### Task directions
What you return must match, exactly, the lines running from the one containing "A white background" to the end of the data, both included, and must contain no pictures.

(Items listed in a dataset)
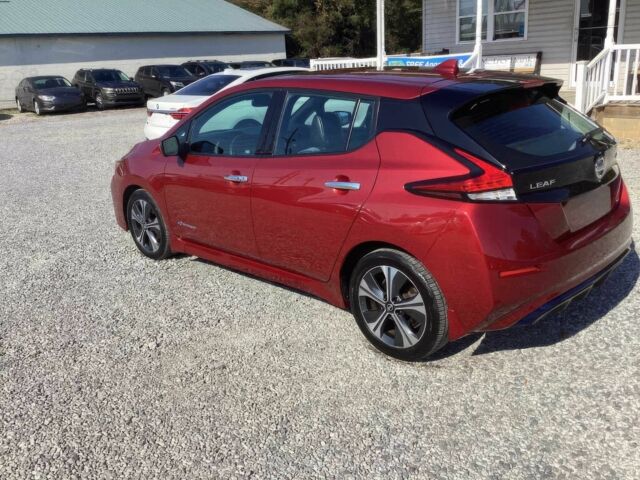 Красный Ниссан Лиф, объемом двигателя 0 л и пробегом 31 тыс. км за 13000 $, фото 6 на Automoto.ua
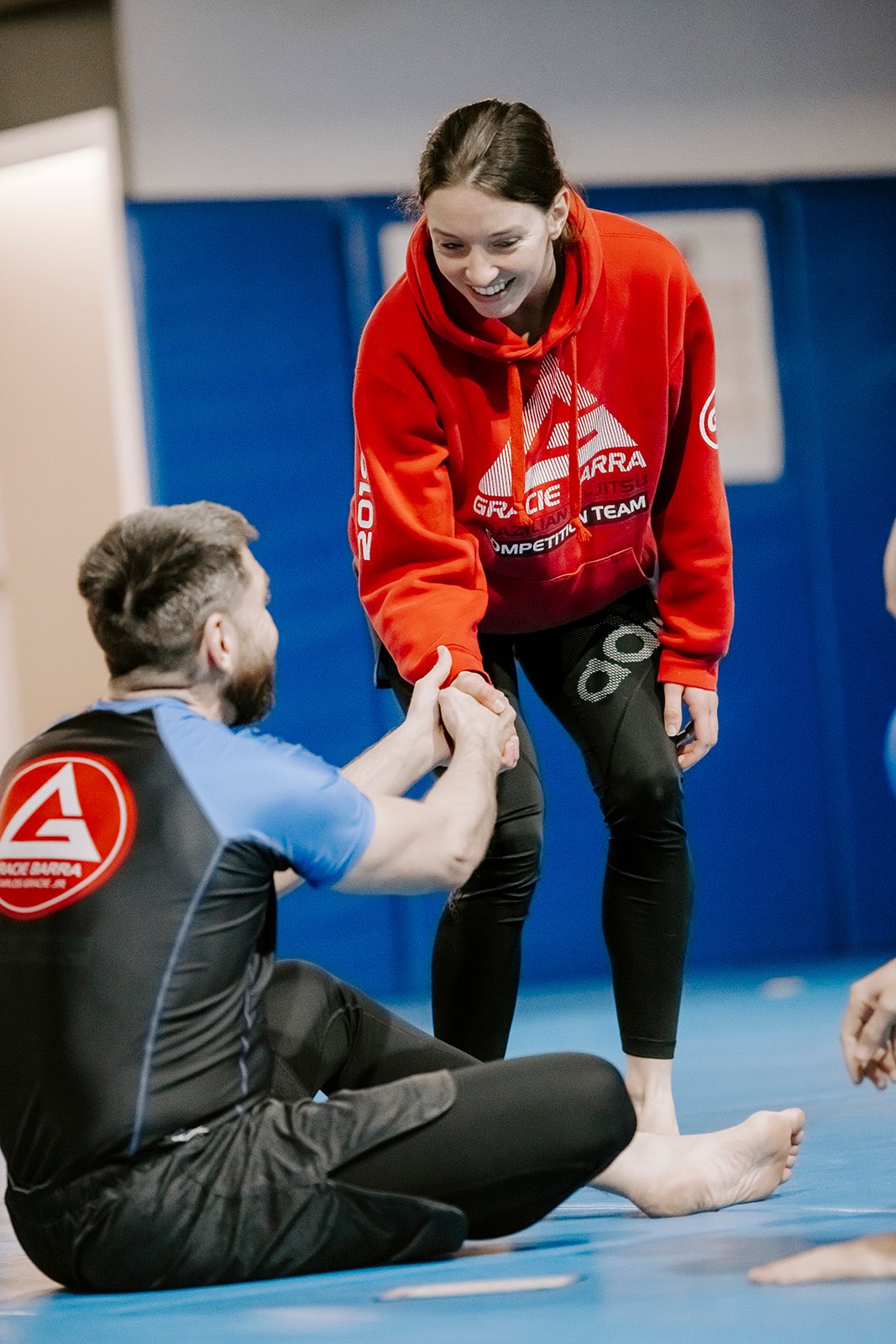 Two BJJ students smiling and greeting each other before class.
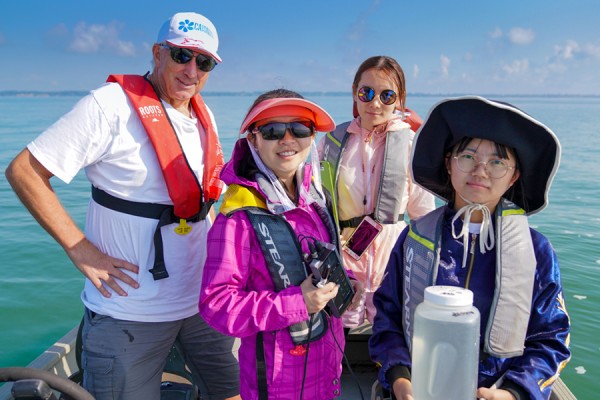 Hugh MacIsaac accompanies students from China’s Yunnan University on a boat trip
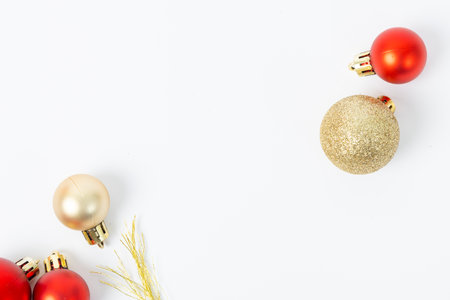A white background with a gold and red ornament. The gold ornament is a ball with glitterの写真素材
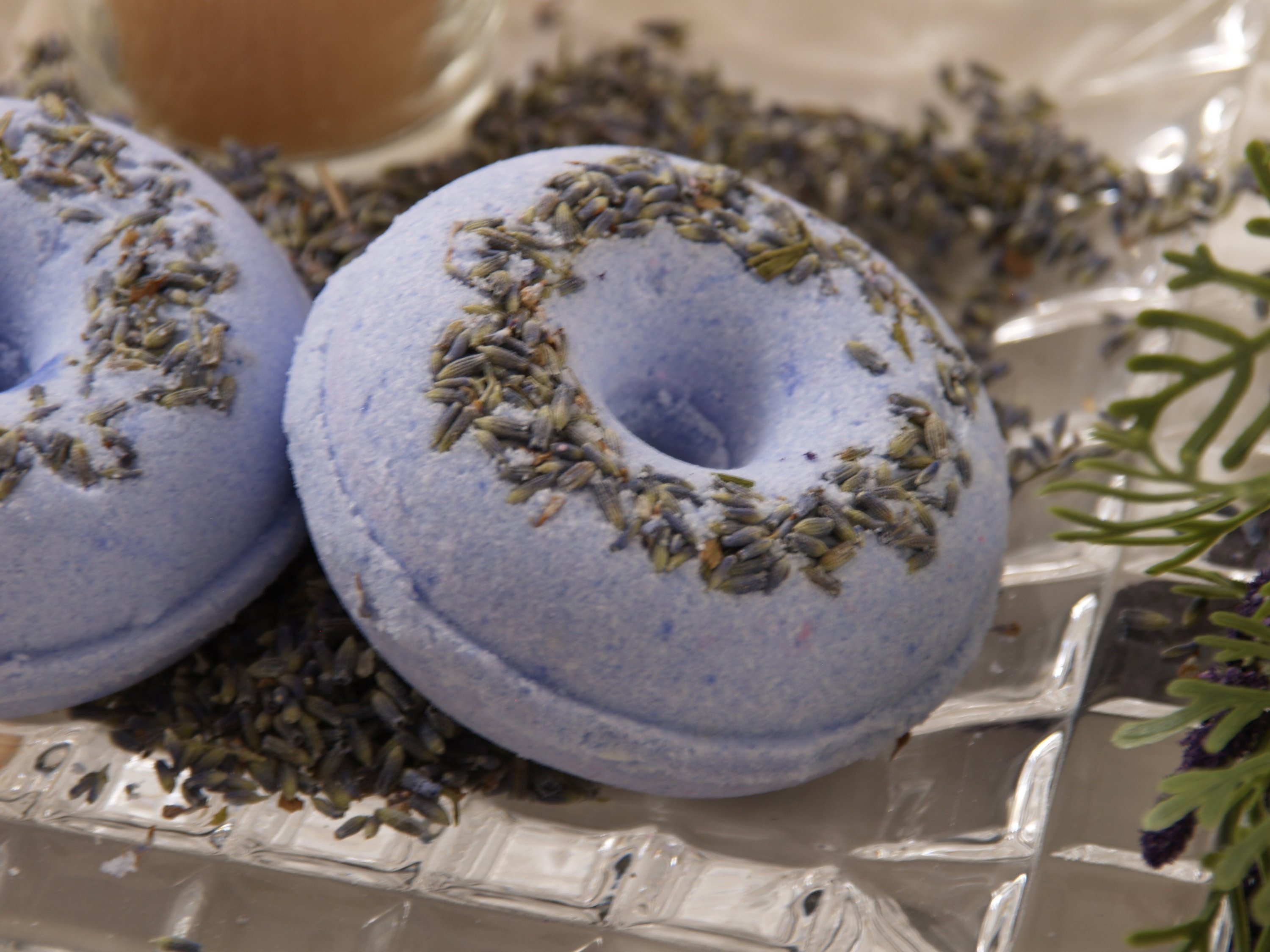 Lavender Blossom Bath Bomb in vibrant colors, surrounded by lavender petals, showcasing its luxurious and soothing properties.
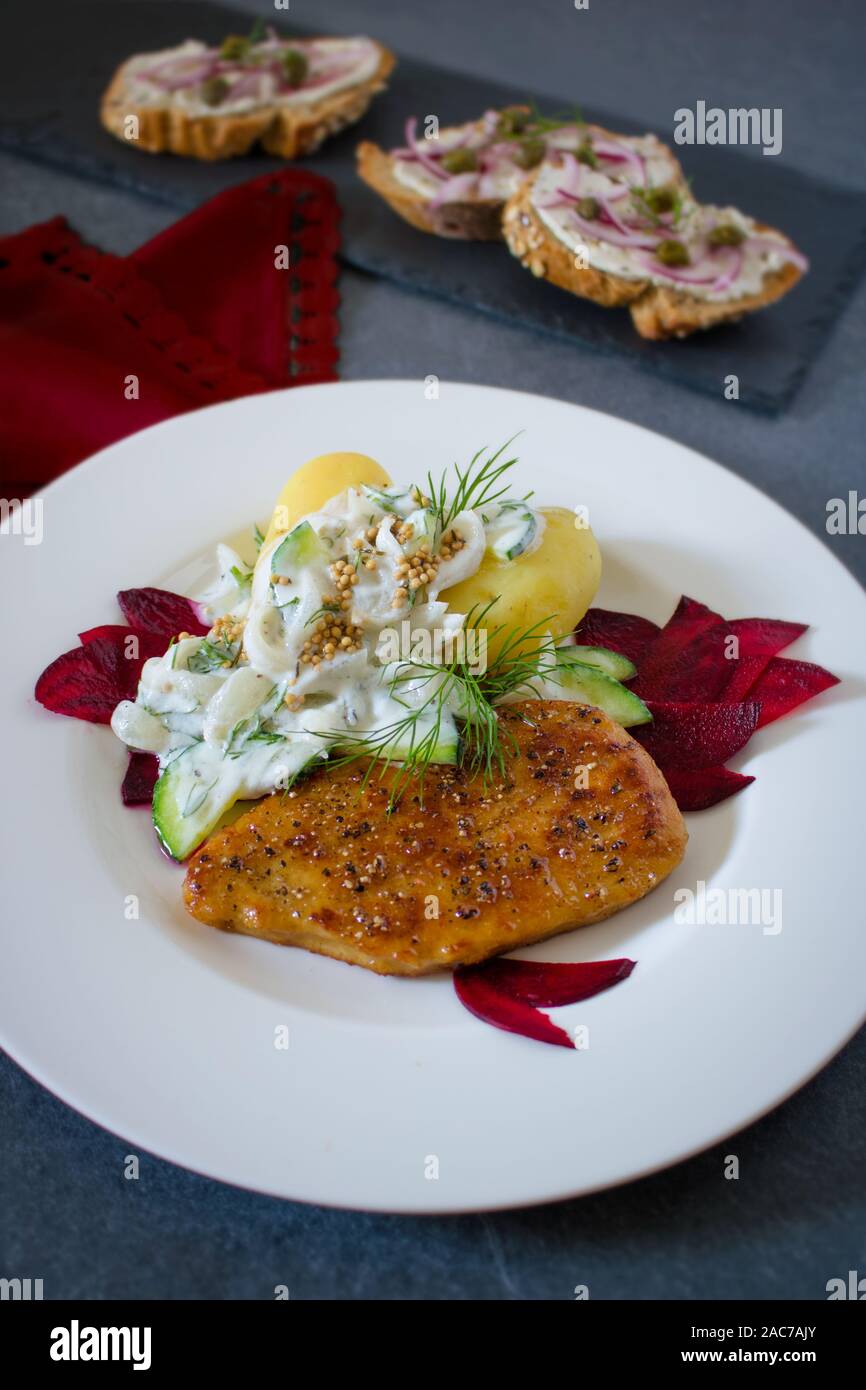 Food photography of a vegan cutlet, boiled potatoes and a dill and yogurt sauce on a black schist background and a red cloth Stock Photo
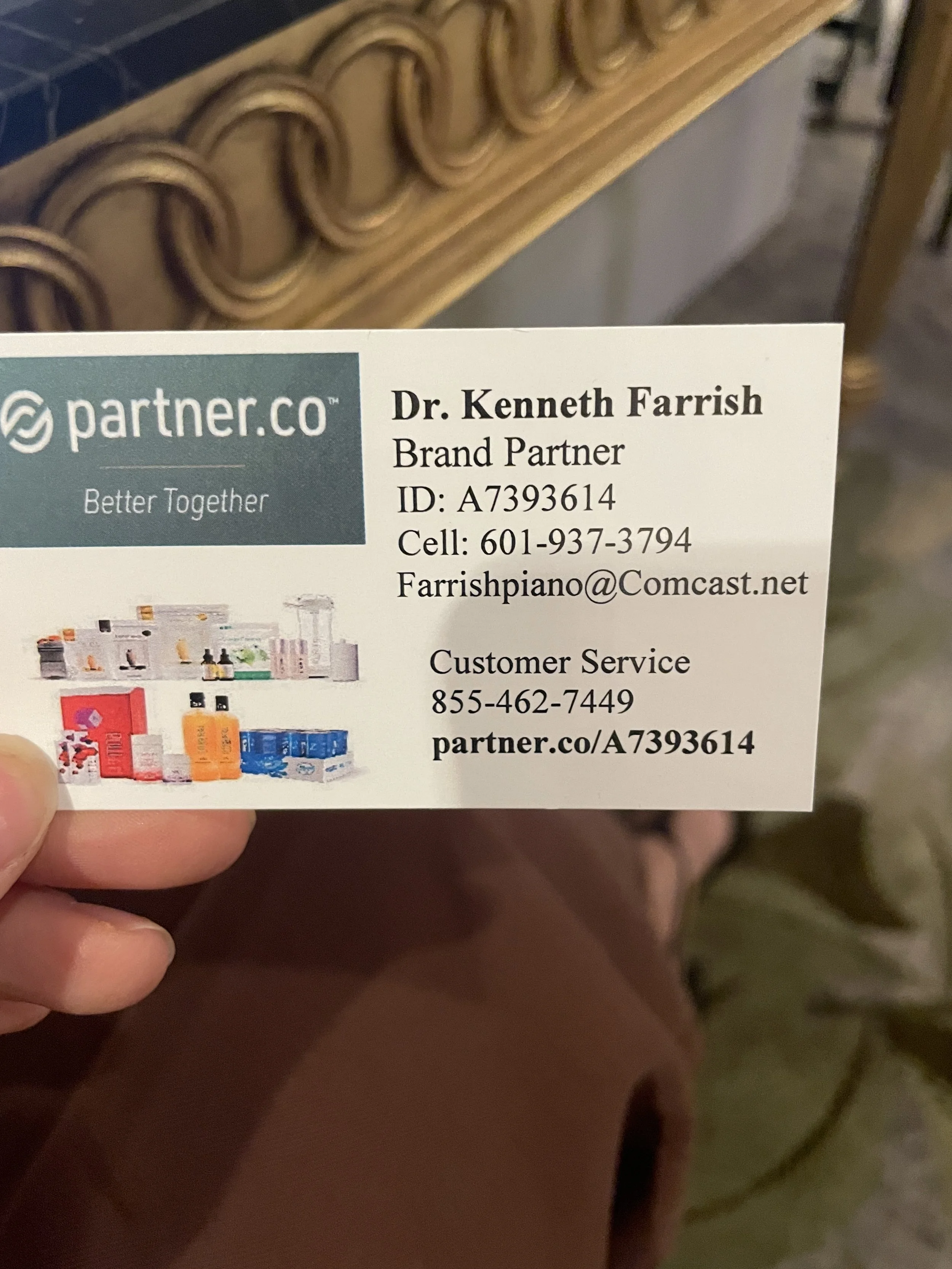 Business card for Dr. Kenneth Farrish, Brand Partner at partner.co, with contact information including phone number, email, and website, and a small image of various health and wellness products.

### Your response
A white background with a gold and red ornament. The gold ornament is a ball with glitterの写真素材
 Lavender Blossom Bath Bomb in vibrant colors, surrounded by lavender petals, showcasing its luxurious and soothing properties.
 Food photography of a vegan cutlet, boiled potatoes and a dill and yogurt sauce on a black schist background and a red cloth Stock Photo
 Business card for Dr. Kenneth Farrish, Brand Partner at partner.co, with contact information including phone number, email, and website, and a small image of various health and wellness products.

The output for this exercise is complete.